Case 3: in this case, the FPC strategy is added to case 2 for energy management. A 19.28 MWh VRB with rated power of 14.46 MW is installed with the substation. As the employment of VRB, the curtailment of the total annualized electricity charge is 1.49 M USD (i.e., 9.12% compared to the base case). Also, the VRB imposes 16.73 M USD total capital cost to the HSRS during the whole project service period and 50.81% ROI. Compared with the RTC strategy, a delightful profit is guaranteed by the FPC strategy.
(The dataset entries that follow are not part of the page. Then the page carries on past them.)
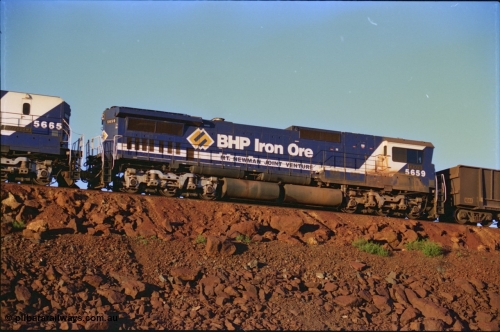 232-08
Yandi One balloon loop, mid-train remote units of train no. 1718 which is partway through loading, BHP Iron Ore unit 5659 'Kobe' serial 8412-04 / 94-150 leads cab-less unit 5665, both are Goninan rebuild CM40-8M GE units, 59 is still in the teal and marigold logo livery. 3rd of February 1997. [url=https://goo.gl/maps/JhTwdFuTRZo]GeoData[/url].
Keywords: 5659;Goninan;GE;CM40-8M;8412-04/94-150;rebuild;AE-Goodwin;ALCo;M636C;5483;G6061-4;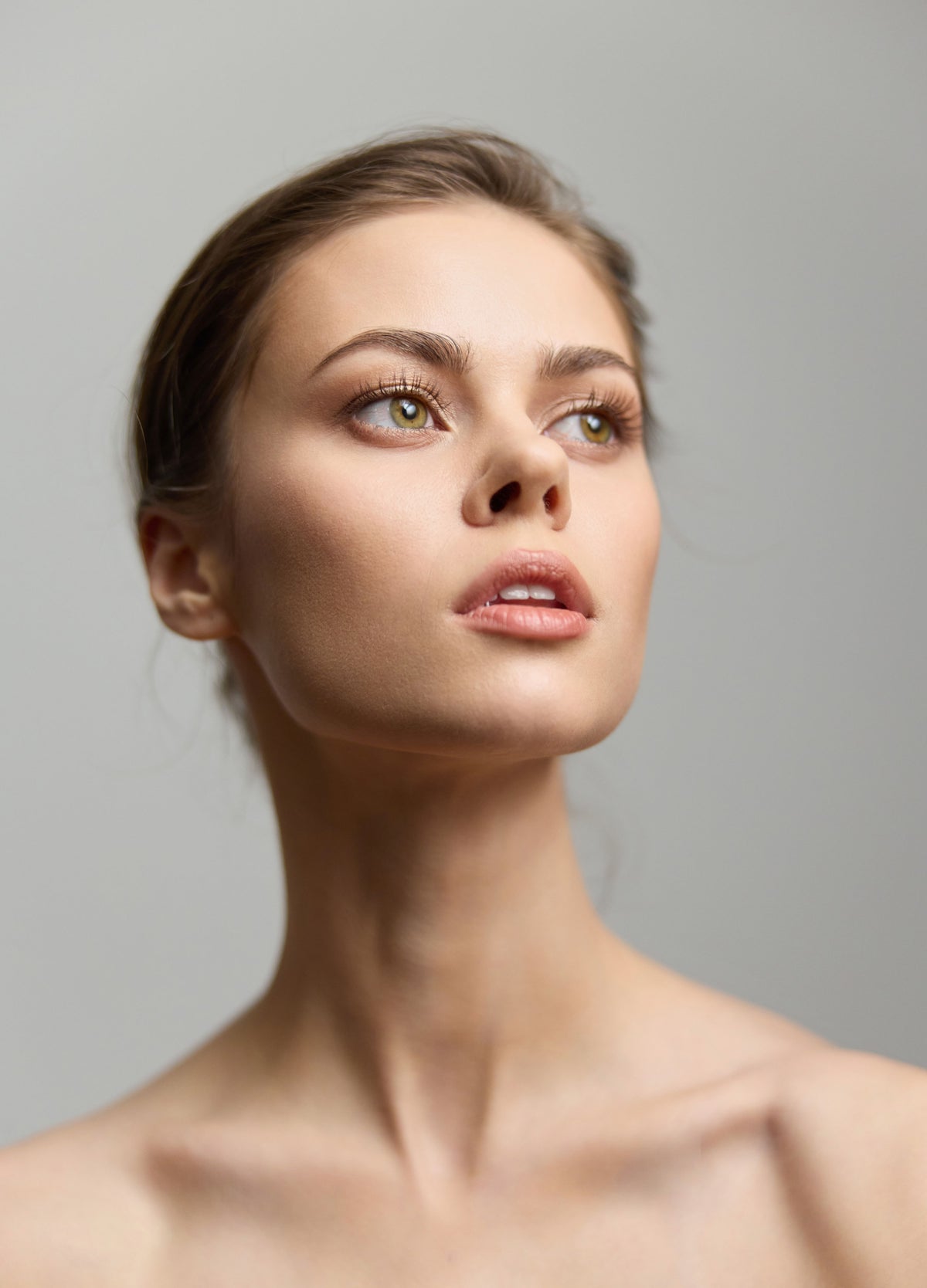Woman with bare shoulders and a clear complexion gazing upward against a grey background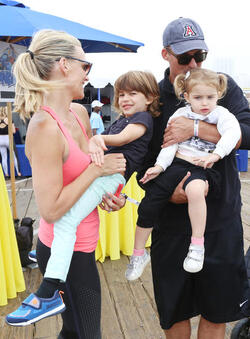 Molly Sims rides a stationary bike for charity
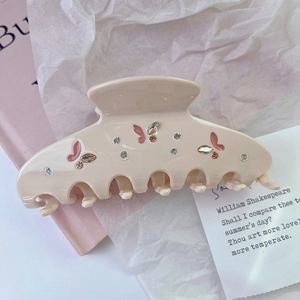 Detail of cream shark hair clip with pink enamel butterflies and sparkling rhinestones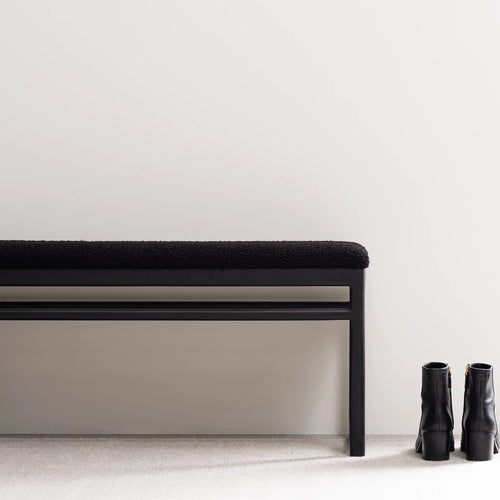 Wilma wood bench in black oak with black bouclé, minimalist design, placed beside stylish black boots.
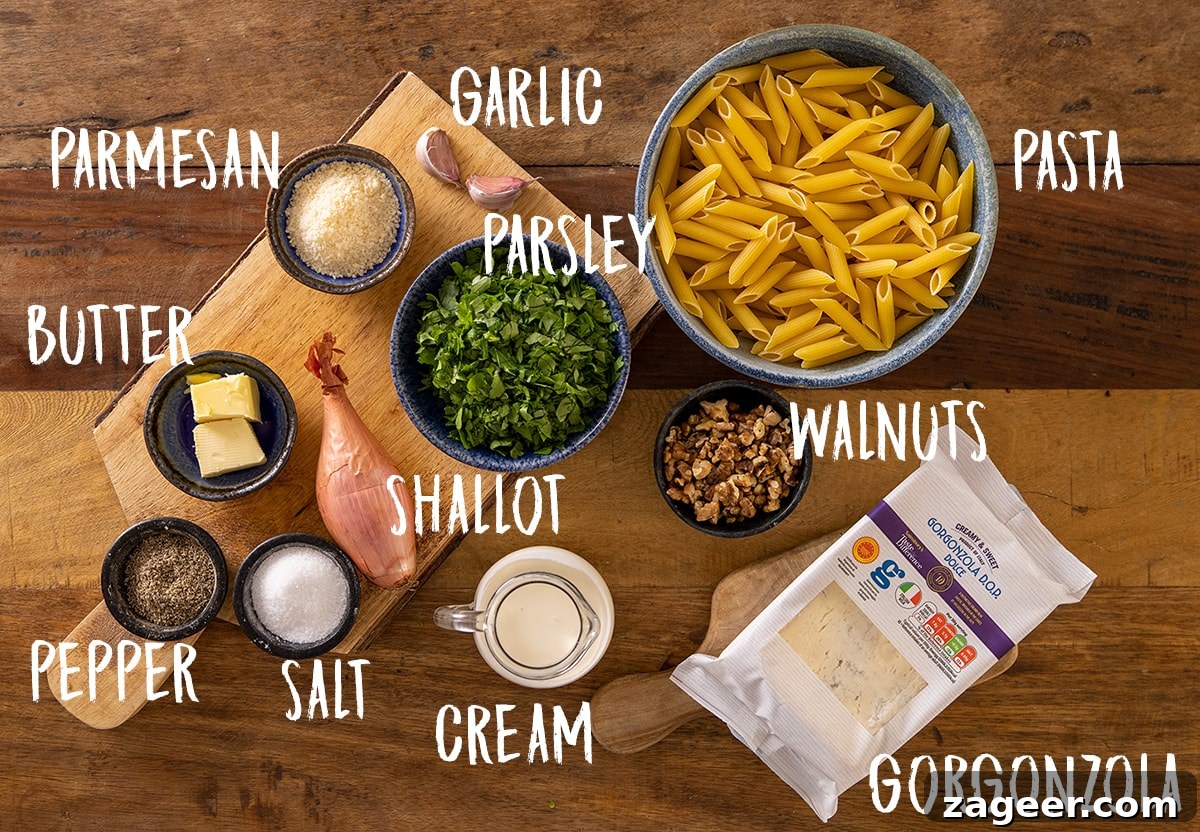 Creamy Gorgonzola Pasta with Garlic and Walnut Crumble 4 Labelled ingredients for making gorgonzola pasta on a wooden board.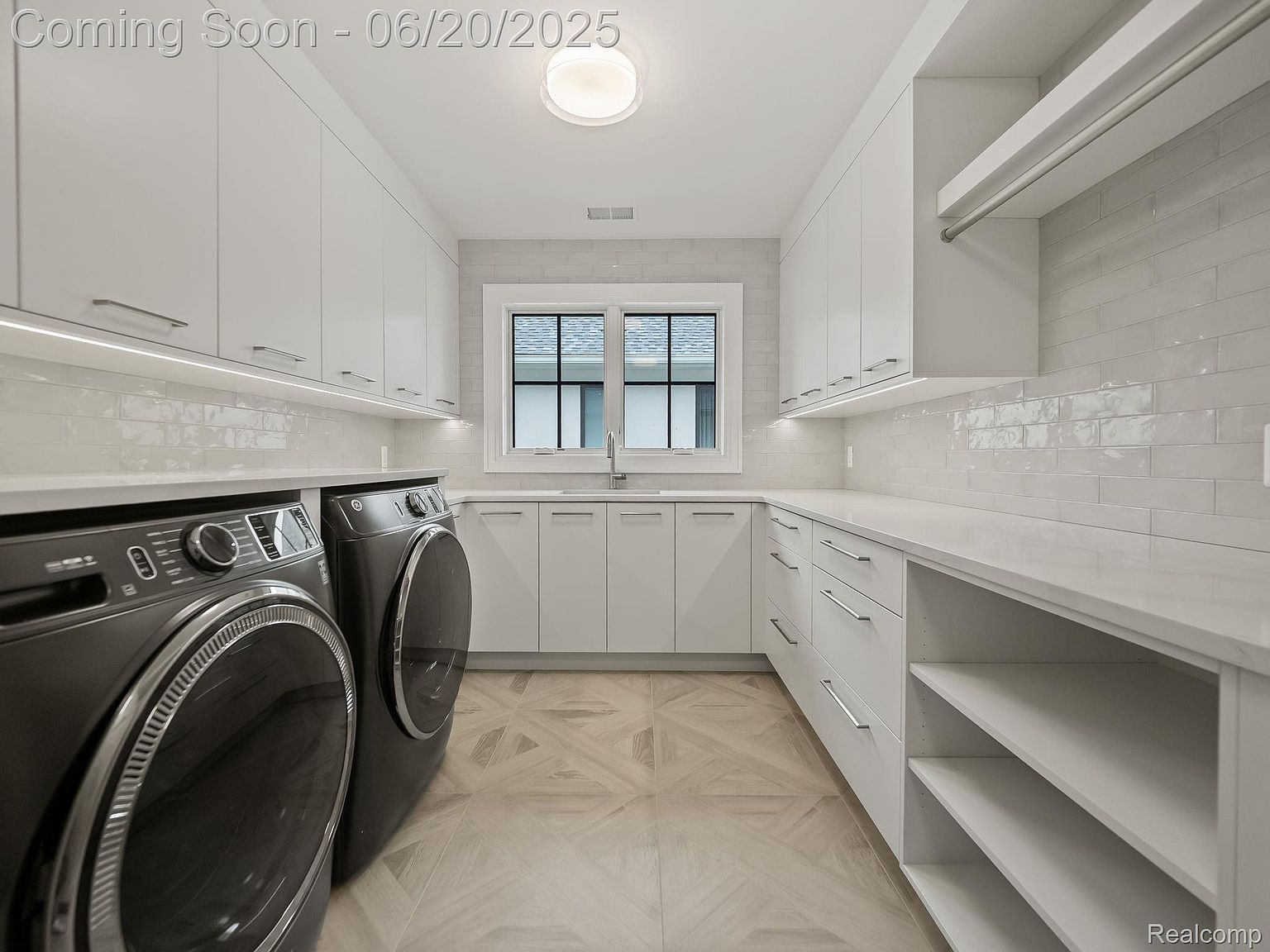 This is a modern laundry room featuring sleek, white cabinetry and countertops, complemented by light-colored herringbone-patterned flooring. A front-loading washer and dryer set are prominently displayed, and a window provides natural light. The overall design is clean, bright, and functional, creating an appealing space for laundry tasks.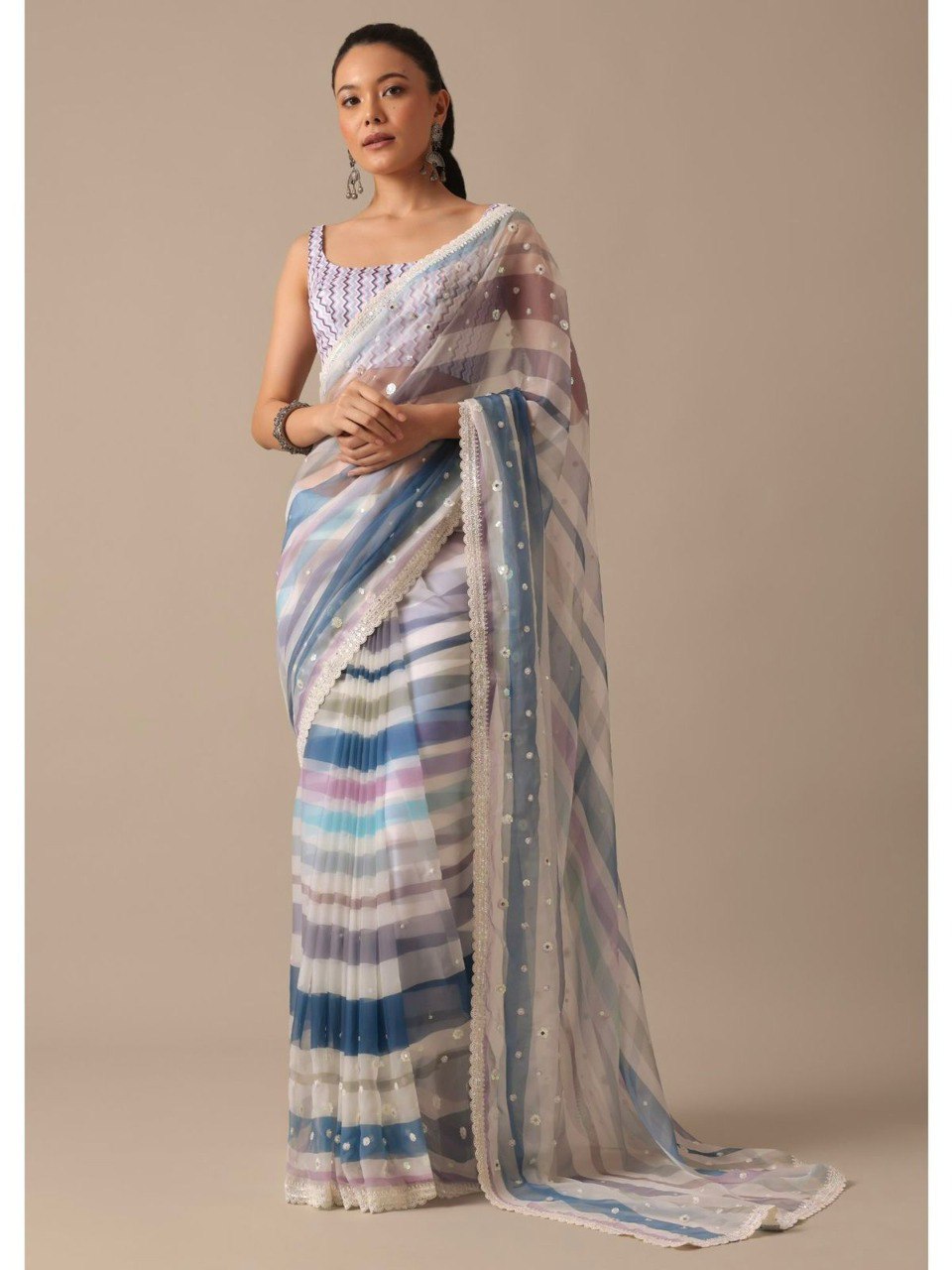 Model posing in blue and purple striped georgette saree, showcasing the graceful drape and detailing.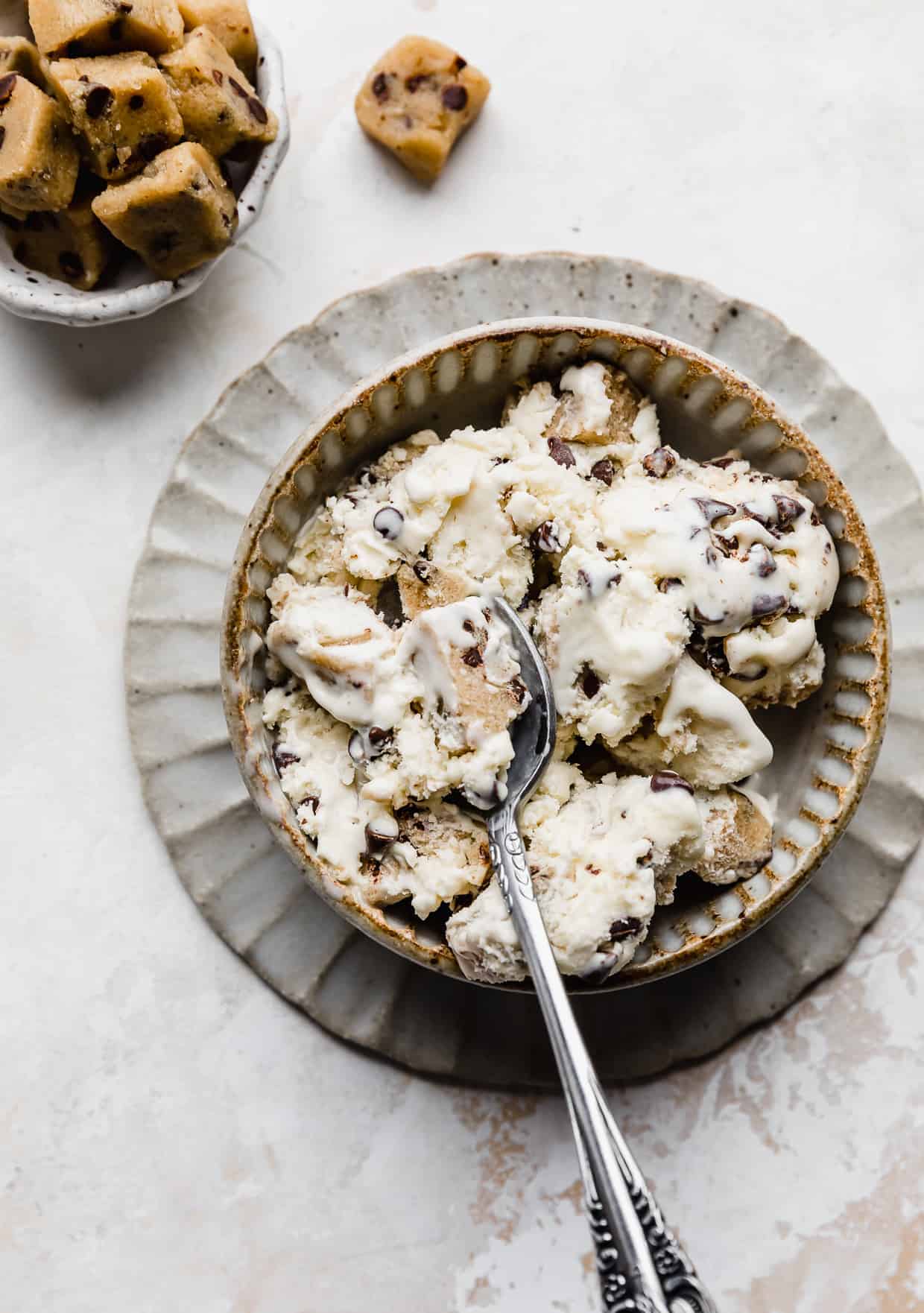 A tan bowl full of cookie dough loaded Chocolate Chip Cookie Dough Ice Cream against a textured white background.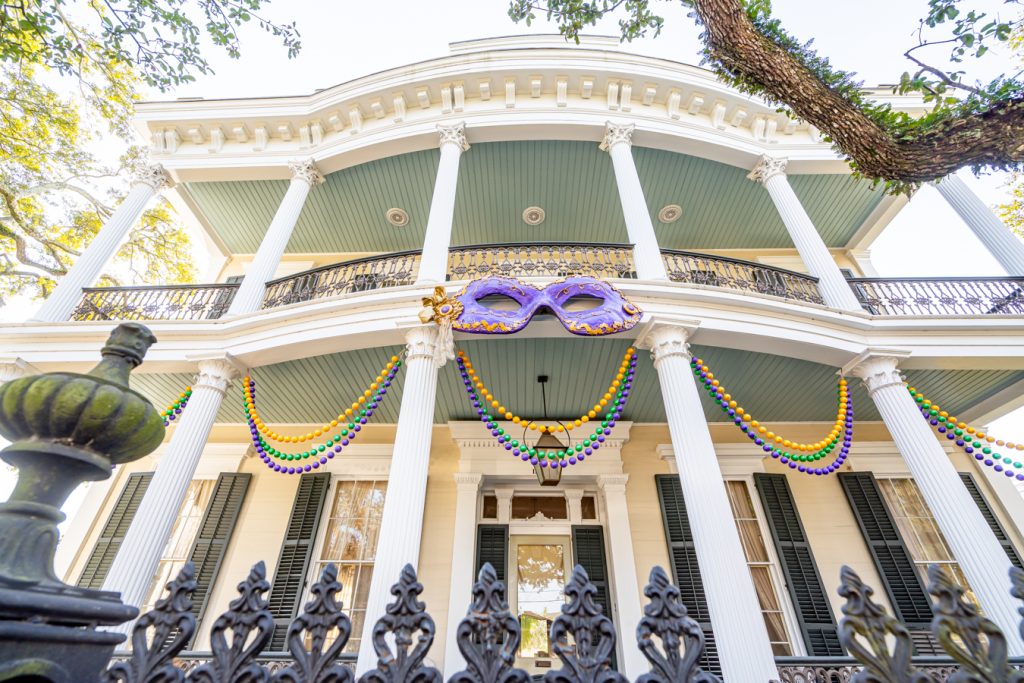 front facade of a white home in the garden district of new orleans in january decorated for mardi gras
Case 4: in this case, only SC ESS is added to Case1, with the optimal size of 0.4 MWh and 1.03 MW. The effects of ESS total cost reducing is significant with the application of SC ESS compared to Case 2, but it is also closely coupled with the increase in electricity charge (i.e. \({C}_{EC}\)). In short, the benefit of electricity charge can hardly make up for the total cost of SC ESS.

Case 5: A 0.97 MWh SC ESS with rated power of 3.03 MW is installed with the substation, which incurs a 1.48 M USD loss and -31.8% ROI similar to Case 4.

Case 6: SC ESS is added to Case 2, with the optimal size of 0.11 MWh and 5.8 MW. The optimal size of VRB ESS searched by IMBPSO is 19.44 MWh and 17.01 MW. The total electricity charge is reduced by 7.62% compared to that in Case 1, and the economic returns provided by HESS are 8.92 M USD during all the project service period.

Case 7: in this scenario, the FPC strategy substitutes the RTC strategy in Case 6. The optimal sizes of 19.58 MWh at 18.43 MW and 0.12 MWh at 6.39 MW are found for VRB and SC, respectively. By adding the HESS, the total annualized electricity charge is 14.85 M USD, which is reduced by 9.24% compared to that in the base case. The economic benefits provided by HESS are 12.32 M USD through all the project service period, increased by 38.28% compared to that in Case 6.

The economical comparison of different cases is intuitively demonstrated in Fig. 7. It can be seen that the FPC strategy is conducive to decreasing the electricity cost and increasing project NPV. By contrast, whatever strategy is adopted, the VRB ESS without SC ESS has a higher replacement cost and provides less economic benefits for the HSRS considering Case 2 and Case 3. Due to the high cost of SC, the cases (i.e. Case 4 and Case 5) with only SC ESS tend to choose smaller capacity, which can hardly achieve effective maximum demand reduction and further has adverse effects on economic benefits. The economic benefits augmentation of Case 6 and Case 7 reveal that the SC ESS which handles high-frequency power transients plays a vital role in system efficiency enhancement and total cost reduction. Accordingly, the maximum economic effectiveness and ROI of HESS are provided by Case 7, with an annualized benefit of 0.62 M USD and an ROI of 113.35%.

Fig. 7

Economic comparison of different cases

4.3 Performance Analysis of HESS

The HESS performance in Case 7 is in detail investigated as a typical example in this section due to the advantage of Case 7 in economic effectiveness.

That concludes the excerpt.